### EXERCISE PROMPT
Below are the records; repeat exactly their lines between the line holding "98 Lillian St, unit 819 for sale - image #10" and the line holding "Used 2022 Volkswagen Taos SE FWD image 1", inclusive, skipping the pictures.

START SUPPLIED DATA

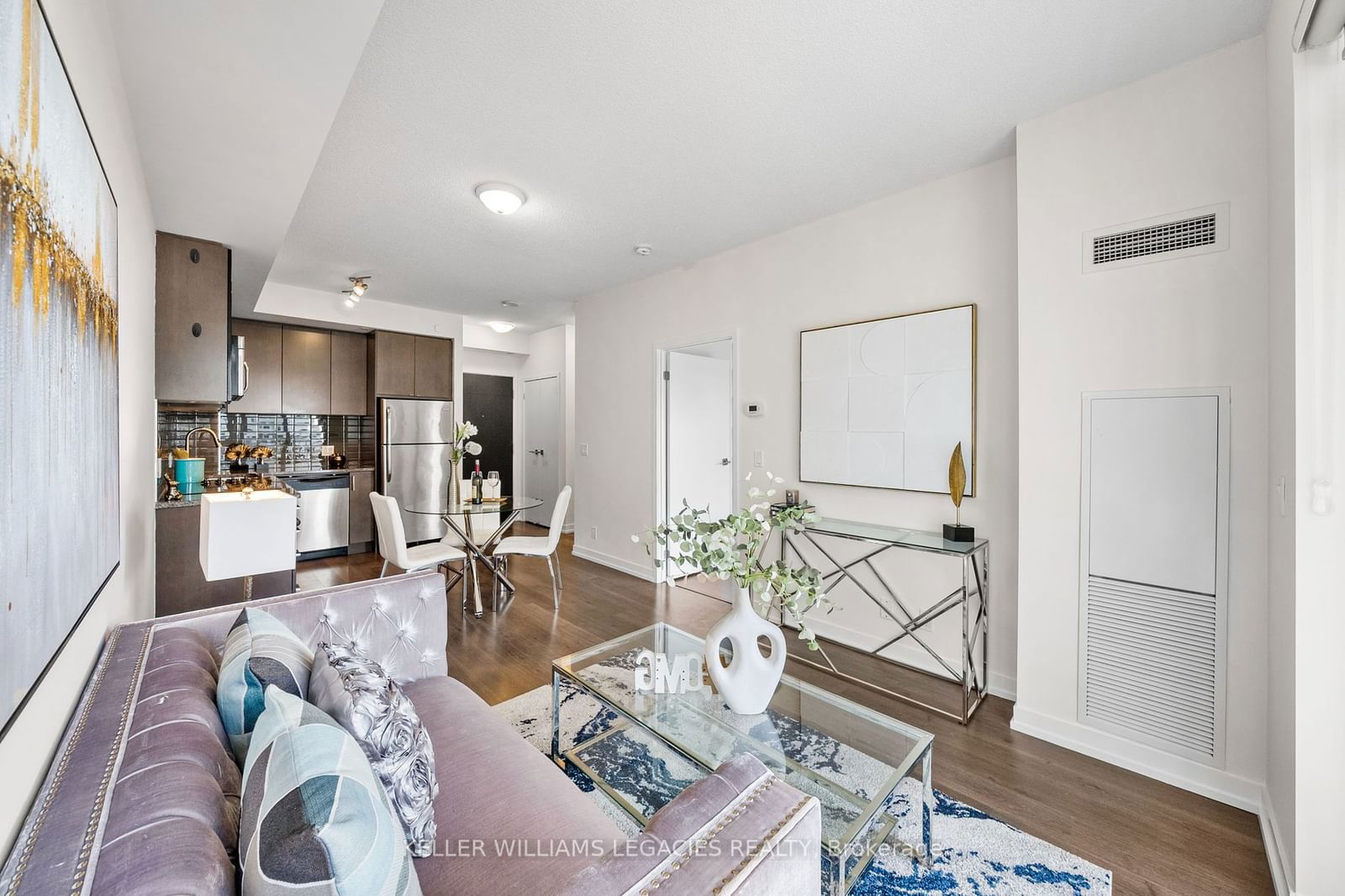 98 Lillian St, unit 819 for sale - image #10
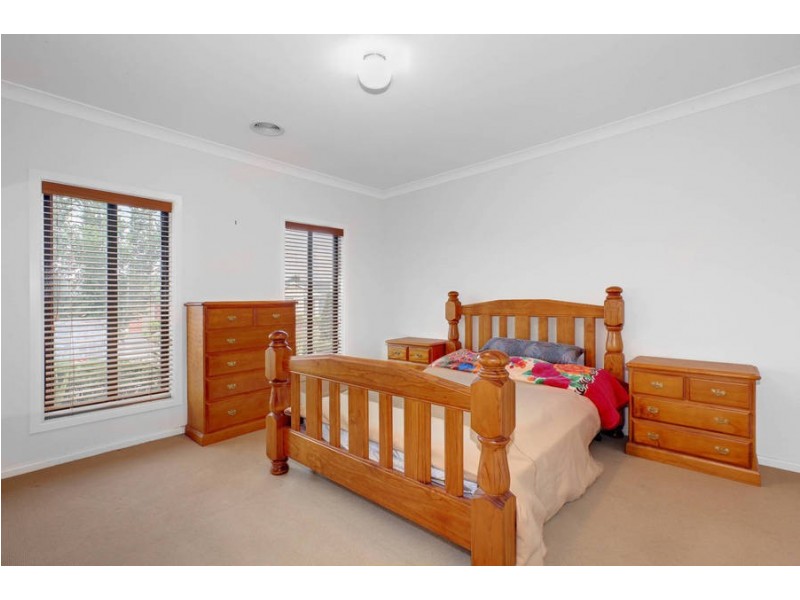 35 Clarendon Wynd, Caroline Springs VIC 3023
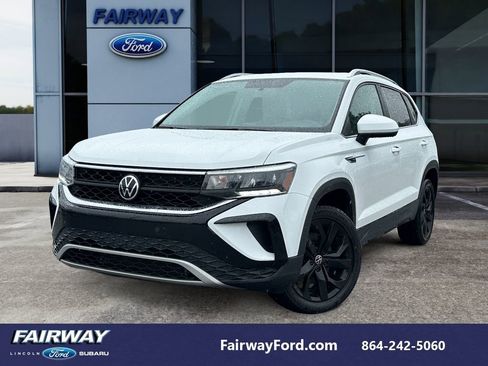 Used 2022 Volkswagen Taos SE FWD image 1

END SUPPLIED DATA
START SUPPLIED DATA

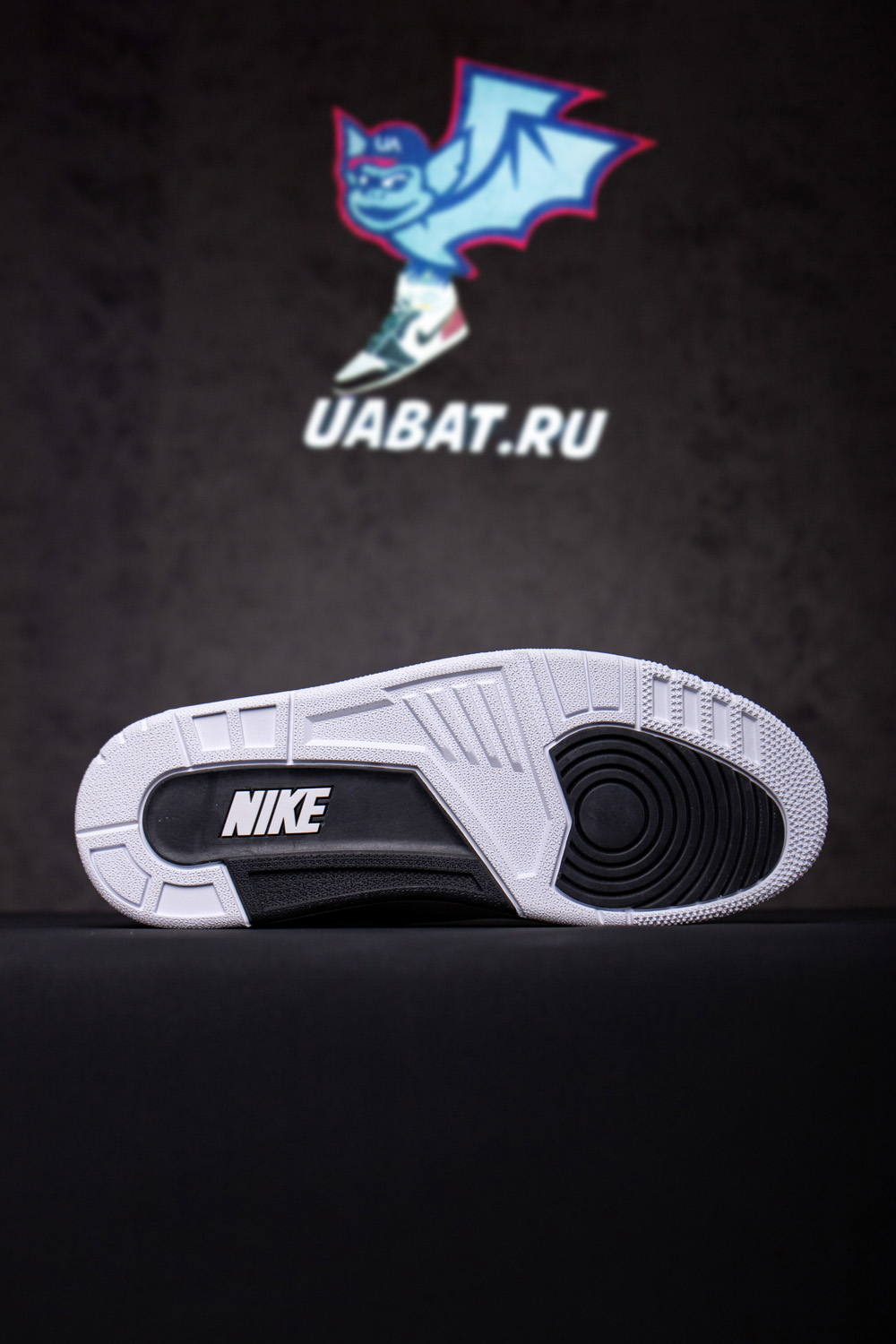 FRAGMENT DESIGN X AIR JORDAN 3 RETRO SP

END SUPPLIED DATA
START SUPPLIED DATA

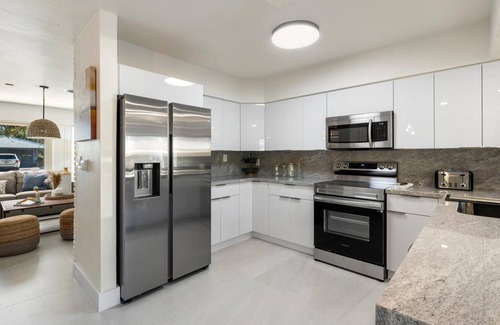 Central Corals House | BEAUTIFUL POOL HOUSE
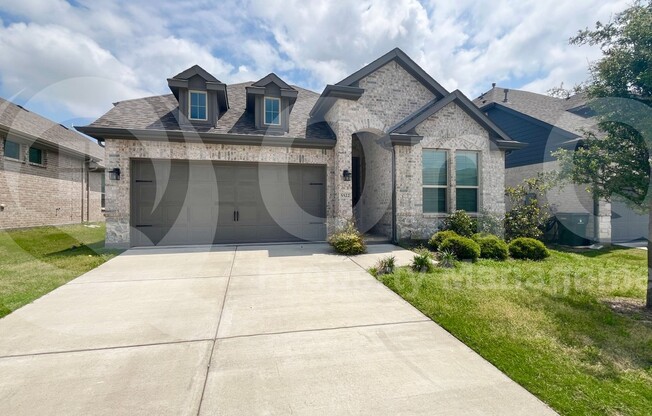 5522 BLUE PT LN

END SUPPLIED DATA

### RESULT FOR THIS EXERCISE
 98 Lillian St, unit 819 for sale - image #10
 35 Clarendon Wynd, Caroline Springs VIC 3023
 Used 2022 Volkswagen Taos SE FWD image 1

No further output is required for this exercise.